The Amana Colonies Convention and Visitors Bureau invites you to warm your spirit at the 7th Annual Winterfest! The festival will be held this Saturday, January 26, from 8:00 a.m. – 11:00 p.m. throughout the village of Amana. Enjoy open fire chili, wine walk, 5k Amana Freezer walk/run, live music, ice sculpting, demonstrations, dancing at the Snow Ball, log sawing, “ham put” contest and much more! Admission is free. A full schedule of events is available at festivalsinamana.com.
The Coralville Center for the Performing Arts presents a concert staging of Rodgers and Hammerstein’s classic Broadway musical, Carousel – A Concert, this Saturday, January 26. This production features the classic numbers “If I Loved You,” “June Is Bustin’ Out All Over,” and “You’ll Never Walk Alone.” Baritone Stephen Swanson of the UI School of Music portrays the carnival barker Billy Bigelow, and the score is ably performed by a thirty-four piece orchestra under the baton of UI Professor Emeritus Ed Kottick. Shows are at 2:00 & 7:30 p.m. Tickets are $20 and $14 student/senior.
In anticipation of Vusi Mahlasela’s February 12 concert, Legion Arts is screening the acclaimed film, Amandla! A Revolution in Four-Part Harmony, that helped put Vusi on the world music map. The event is this Sunday, January 27, 2:00 p.m. at CSPS Hall in Cedar Rapids. Director Lee Hirsch spent nine years putting together this ambitious and moving documentary chronicling the use of music as a form of potent social protest against Apartheid in South Africa. Interviews and archival footage help tell the stories of figures like Vusi, Hugh Masekela, Miriam Makeba, Abdullah Ibrahim and Vuyisile Mini, people who became instrumental in the successful fight against oppression. This study in courage won the Audience and Freedom of Expression awards at the 2002 Sundance Film Festival, and was also nominated for the Grand Jury Prize. Admission is a free will donation.
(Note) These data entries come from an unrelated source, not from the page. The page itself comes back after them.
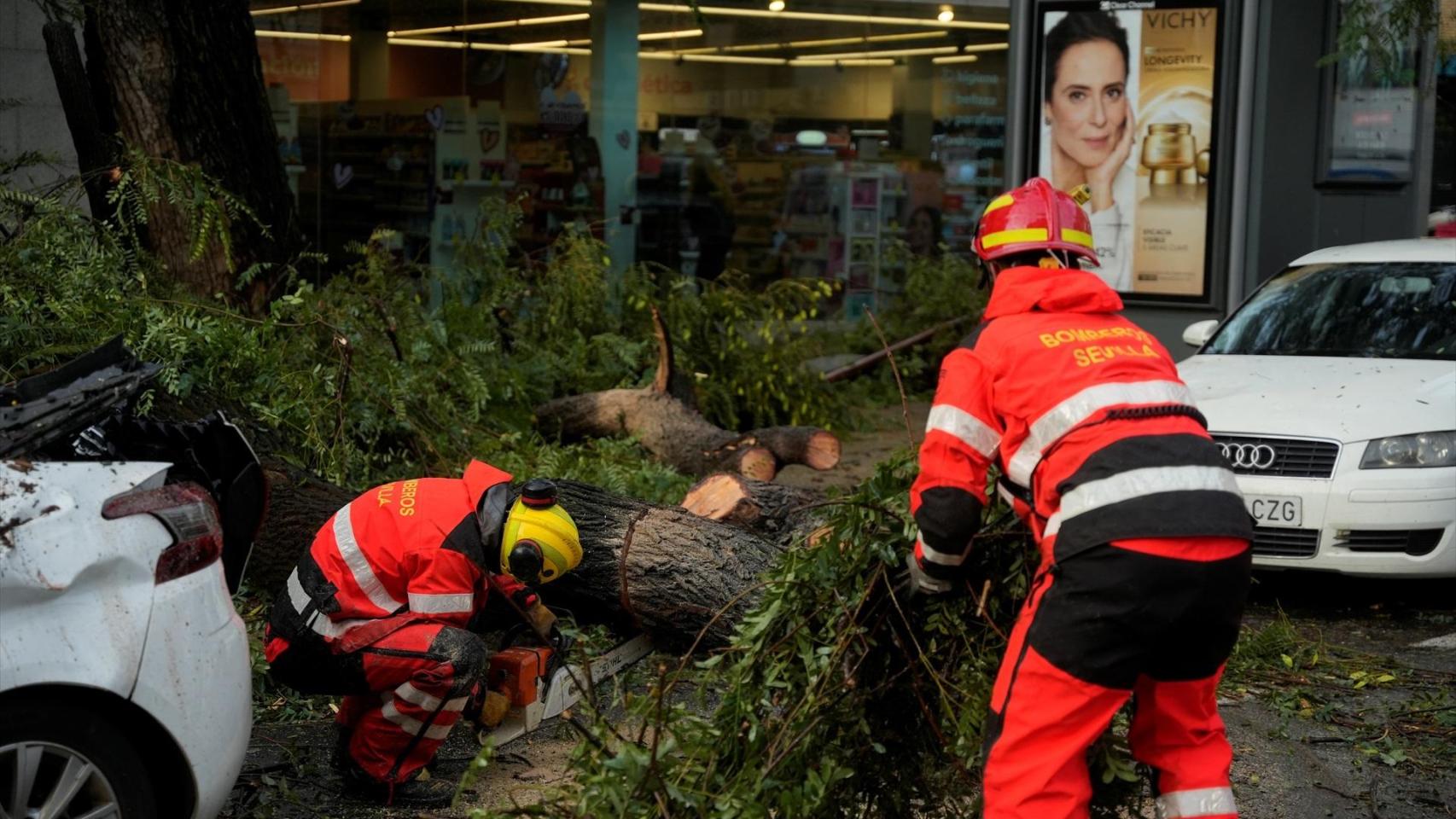 Bomberos de Sevilla trabajan en la retirada de un árbol de grandes dimensiones caído en la calle Esperanza de Triana.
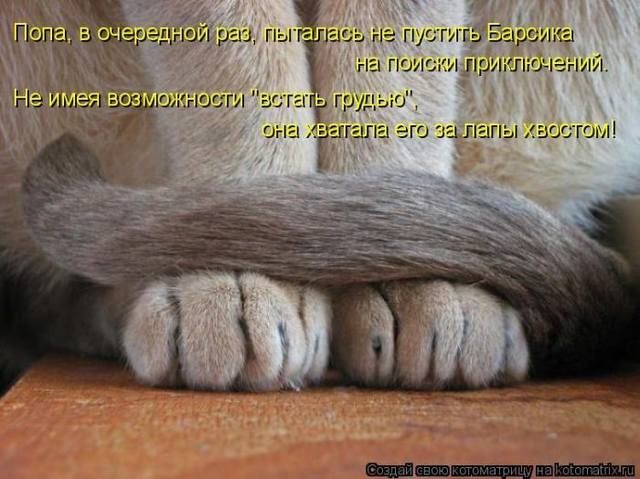 VFL.RU -  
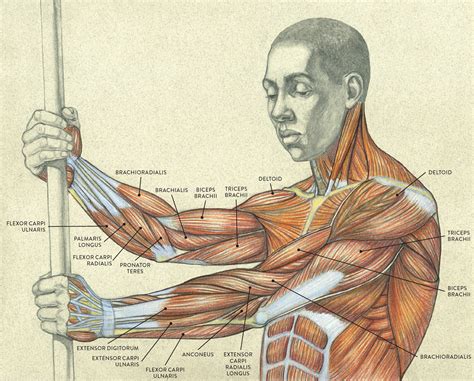 muscle blank drawing muscle diagram forearm muscles  vrogueco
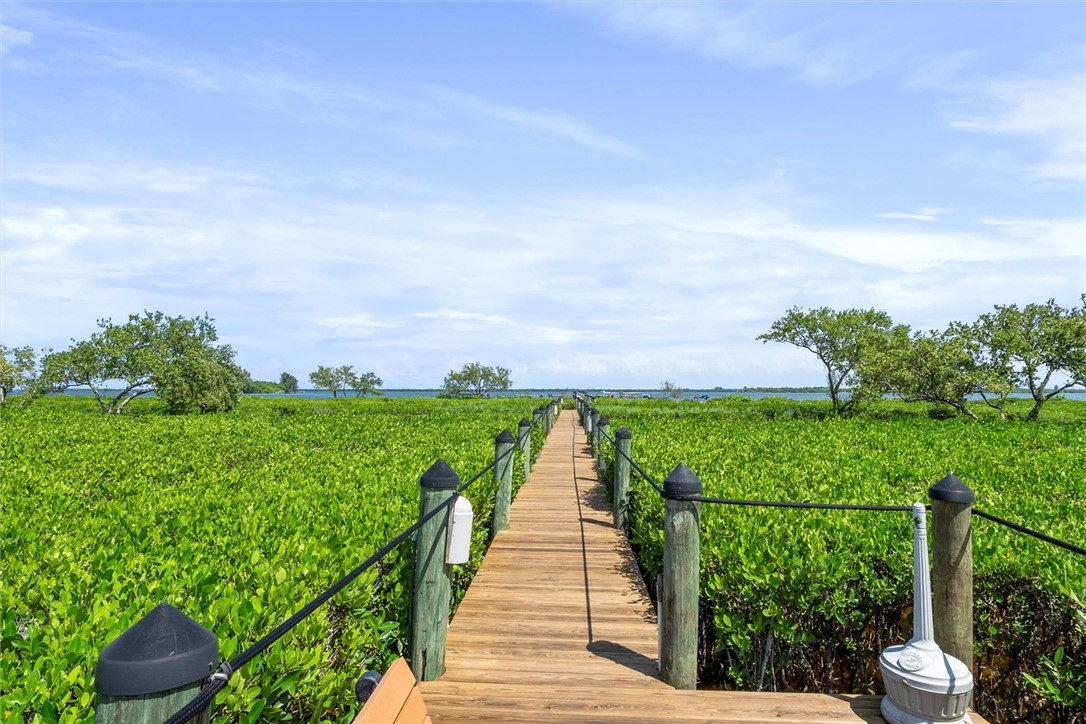 Expansive wooden boardwalk extending over lush gre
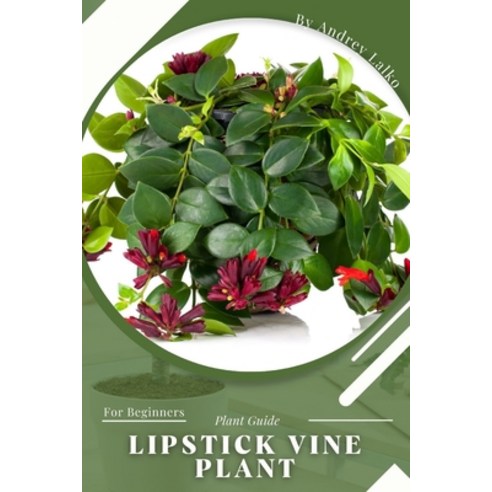 (영문도서) Lipstick Vine Plant: Plant Guide Paperback, Independently Published, English, 9798391416234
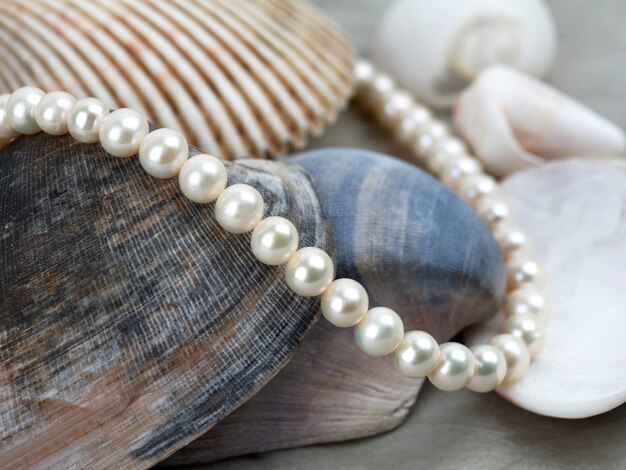 White pearl necklace on marine shell background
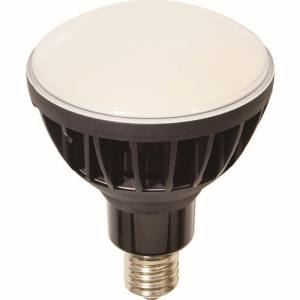 送料無料！！ 【日動工業 NICHIDO】 日動工業 L50V2-J110BK-50K LED交換球 ハイスペックエコビック50W E39 本体黒【smtb-u】 14,481円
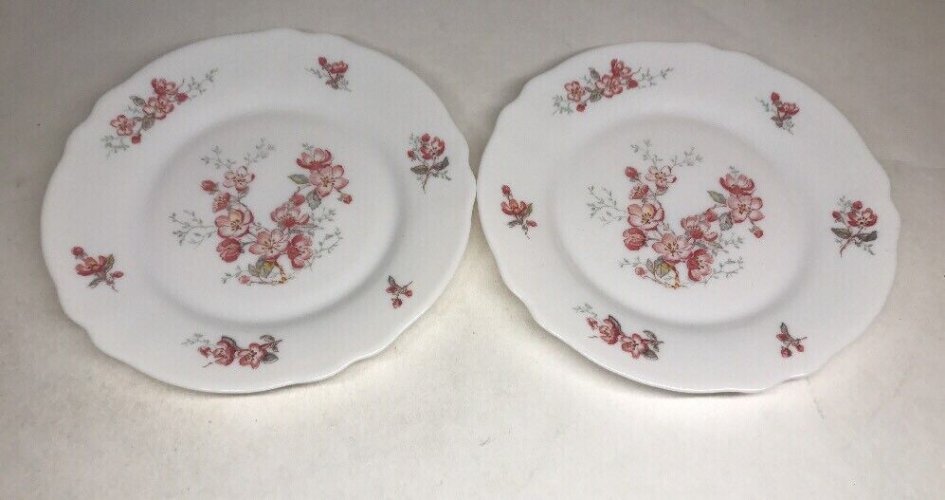  Lot61 : 6 Petites Assiettes Plates Vintage Arcopal France D 19,5 Cm Décor Floral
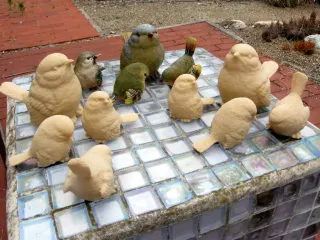 Family of Birds 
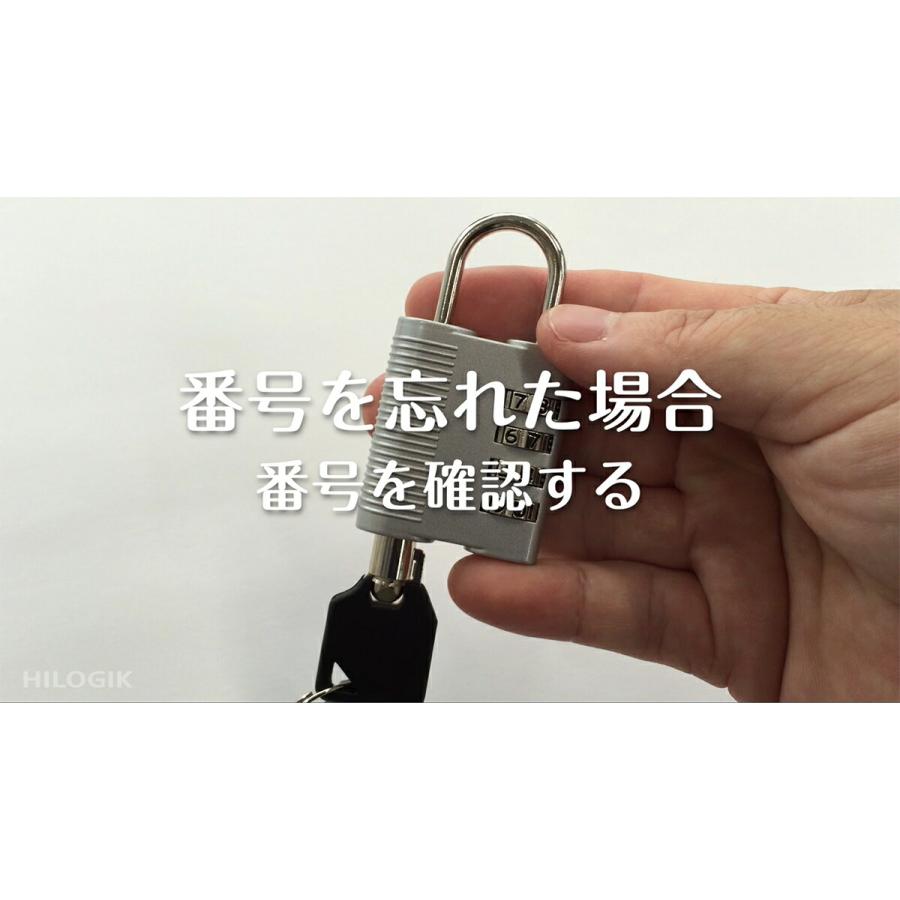 ハイロジック HILOGIK ハイロジック G-189 ファスナーロック 鍵付 ブロンズ 2本キー 1個入 00071189-001 ネット本店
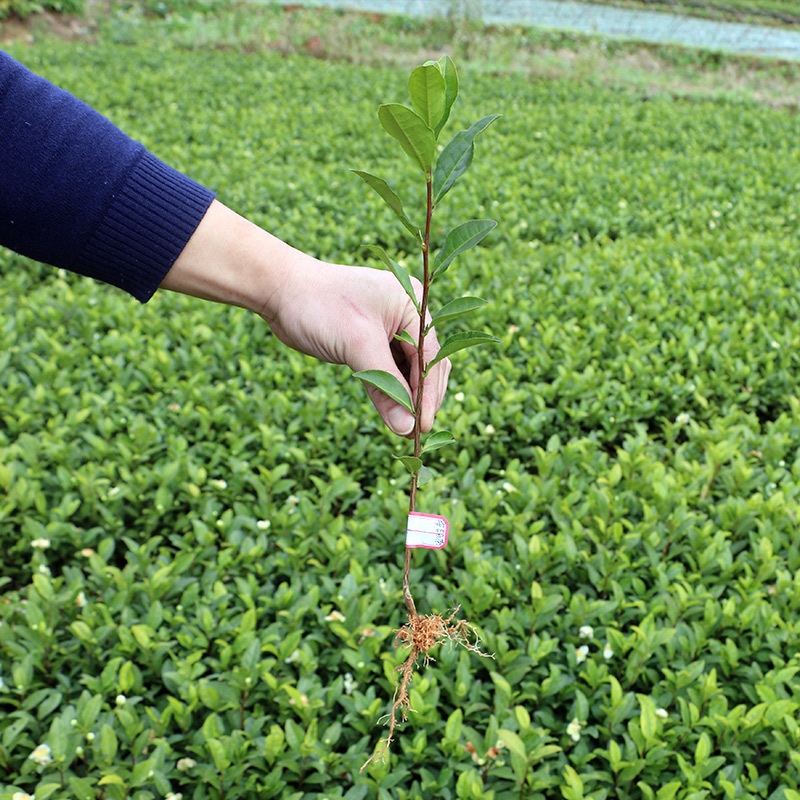 安吉白茶茶树苗南方种植龙井苗早茶苗观音绿茶福建苗圃直销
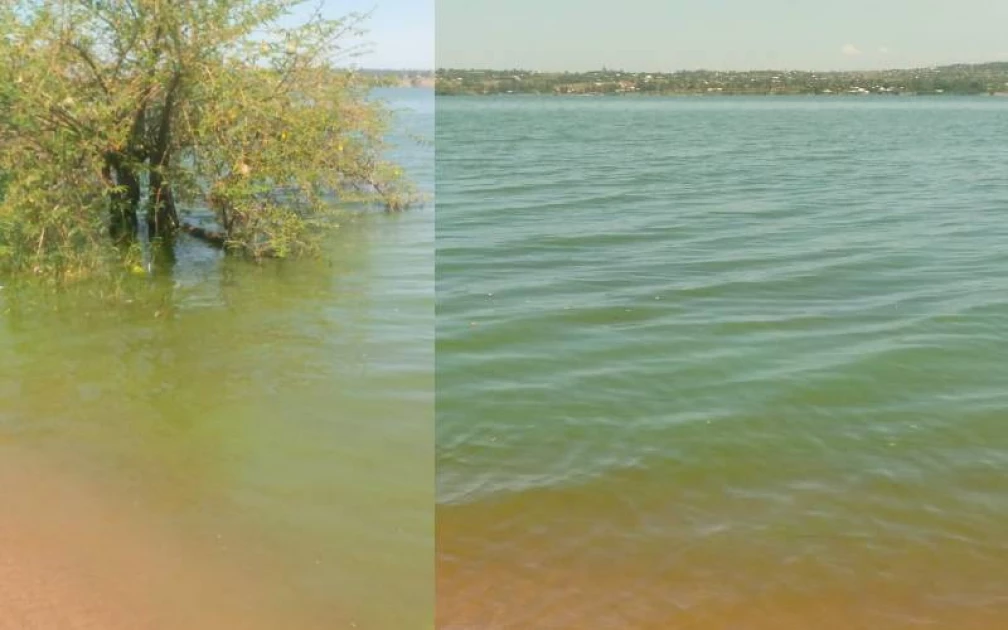 Algal bloom leave Lave Victoria residents feeling thirsty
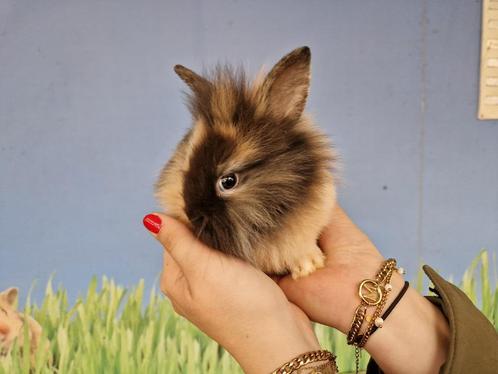Hangoor dwergkonijnen | Jonge nestjes met tamme hangoren., Dieren en Toebehoren, Konijnen, Dwerg, Meerdere dieren, 0 tot 2 jaar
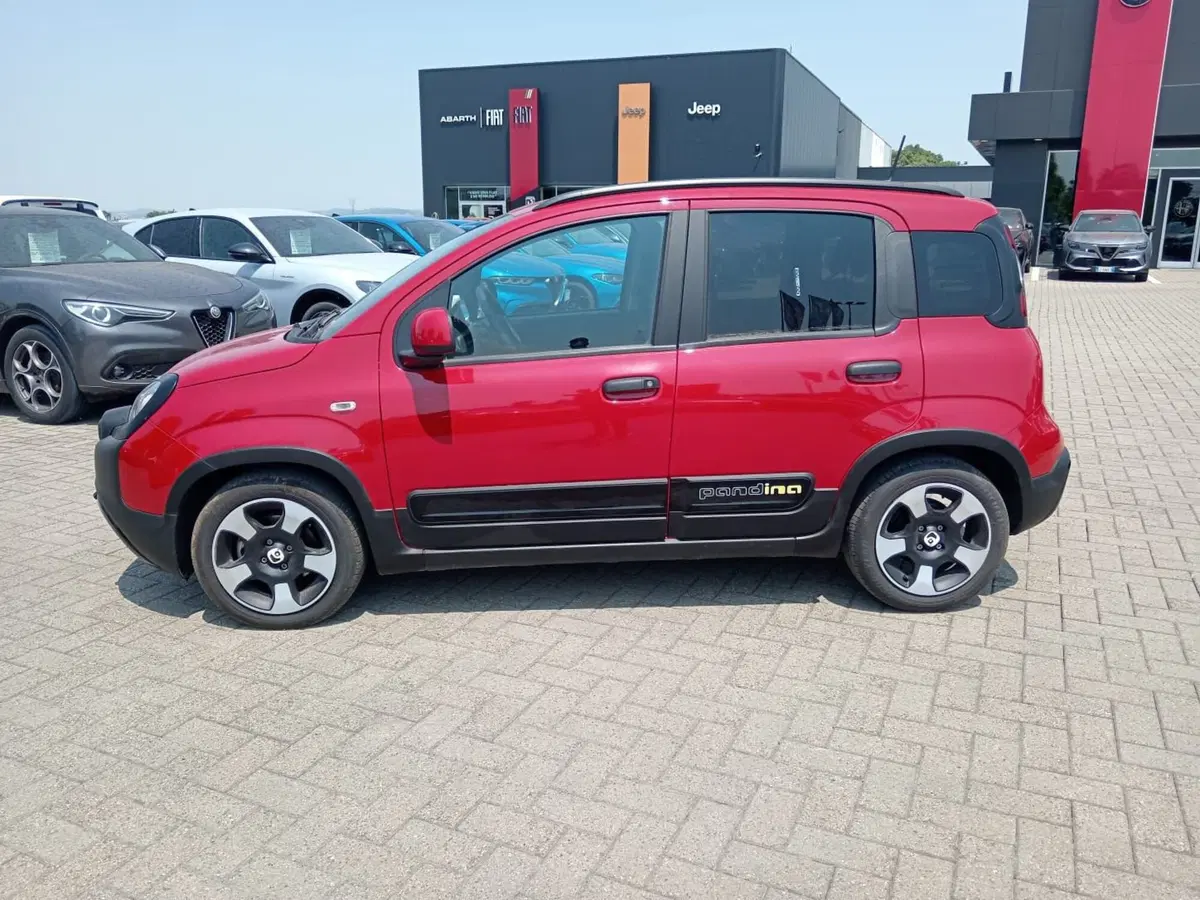 Fiat Panda Cross usata a Alessandria (9)
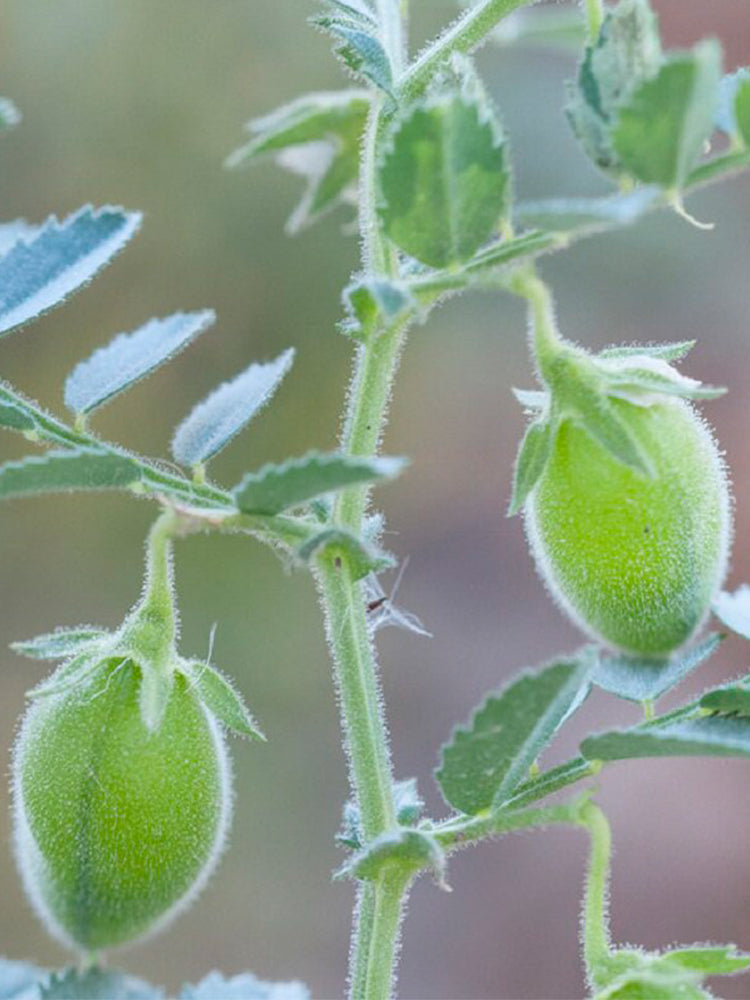 Kabuli Chickpea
Tapestry and Friends will perform at Cornell College as part of the Music Mondays Concert Series on Monday, January 28, at 7:30 p.m. in King Chapel. A favorite of Music Mondays audiences, the Boston-based female vocal ensemble returns to perform a program including the world premiere of a work by James Falzone featuring the Cornell College Chamber Singers and clarinetist Joe Dieker, Cornell’s academic dean. General admission is $10 ($5 for students) at the door.